Le Dr Marcel Verzeano, alors «Maurice Rivière», rejoignit l’armée américaine après son arrivée aux États-Unis, et participa notamment et valeureusement à la campagne italienne. Se consacrant par la suite à la recherche médicale, l’ancien associé de Fry pour les opérations secrètes et les filières d’évasion se spécialisa en Californie dans la physiologie du cerveau. S’il y eut à Marseille des complications dans les rapports entre «Maurice» et certains de ses collègues, il demeure une source de bons conseils pour ses amis en proie à des problèmes médicaux et reçut le dernier coup de fil de Varian la veille de la mort de ce dernier.
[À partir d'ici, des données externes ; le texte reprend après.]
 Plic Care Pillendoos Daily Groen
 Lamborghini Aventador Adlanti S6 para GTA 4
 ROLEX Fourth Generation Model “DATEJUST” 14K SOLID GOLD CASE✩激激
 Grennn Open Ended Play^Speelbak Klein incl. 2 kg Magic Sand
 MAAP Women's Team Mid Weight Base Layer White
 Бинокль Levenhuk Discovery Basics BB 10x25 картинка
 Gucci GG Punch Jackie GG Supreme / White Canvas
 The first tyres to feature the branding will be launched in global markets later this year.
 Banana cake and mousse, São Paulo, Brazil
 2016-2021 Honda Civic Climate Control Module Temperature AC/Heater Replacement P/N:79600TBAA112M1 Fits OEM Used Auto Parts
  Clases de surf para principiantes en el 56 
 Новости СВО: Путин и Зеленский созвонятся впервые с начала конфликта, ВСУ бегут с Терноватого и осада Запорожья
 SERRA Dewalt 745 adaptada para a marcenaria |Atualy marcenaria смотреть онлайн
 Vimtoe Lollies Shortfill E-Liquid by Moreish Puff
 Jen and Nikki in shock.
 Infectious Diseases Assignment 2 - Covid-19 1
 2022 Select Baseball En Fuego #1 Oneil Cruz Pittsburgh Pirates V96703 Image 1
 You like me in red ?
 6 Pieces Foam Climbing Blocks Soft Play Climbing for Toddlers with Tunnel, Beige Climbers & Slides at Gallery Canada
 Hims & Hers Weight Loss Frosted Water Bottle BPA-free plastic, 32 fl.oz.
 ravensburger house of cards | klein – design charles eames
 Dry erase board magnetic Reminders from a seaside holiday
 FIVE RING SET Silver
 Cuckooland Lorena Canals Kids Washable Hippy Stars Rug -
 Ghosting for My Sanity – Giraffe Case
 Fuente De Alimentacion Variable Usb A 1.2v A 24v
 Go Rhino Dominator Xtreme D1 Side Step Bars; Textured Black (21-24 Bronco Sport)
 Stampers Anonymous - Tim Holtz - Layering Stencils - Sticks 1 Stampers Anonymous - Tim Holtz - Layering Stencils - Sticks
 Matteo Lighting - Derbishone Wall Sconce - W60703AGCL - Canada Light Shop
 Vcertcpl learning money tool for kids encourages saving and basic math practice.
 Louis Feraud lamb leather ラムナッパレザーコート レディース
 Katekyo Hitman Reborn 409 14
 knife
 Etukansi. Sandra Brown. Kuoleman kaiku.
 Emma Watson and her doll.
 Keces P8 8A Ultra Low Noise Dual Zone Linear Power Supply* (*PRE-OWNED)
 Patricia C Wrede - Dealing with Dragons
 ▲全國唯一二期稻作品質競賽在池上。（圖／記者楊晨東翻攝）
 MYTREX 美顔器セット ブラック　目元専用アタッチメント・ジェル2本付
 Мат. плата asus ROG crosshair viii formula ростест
Justus Rosenberg, que je suis un des derniers à appeler Gussie, ne réussit pas à quitter l’Europe occupée. Jeune Juif allemand de Dantzig, il rejoignit le maquis, contribuant au débarquement allié en Provence, et fut lui aussi honoré pour ses exploits militaires. Ayant émigré aux États-Unis après la guerre, il y occupe depuis une chaire de littérature comparée et a entrepris, lui aussi, la rédaction de mémoires, fort prometteurs. On y verra sans doute, entre autres illustrations, cette photo où il arpente la Canebière dans le complet élégant commandé pour lui par «Mathieu», le patron de Killer, que Gussie fréquenta avec Mary Jayne.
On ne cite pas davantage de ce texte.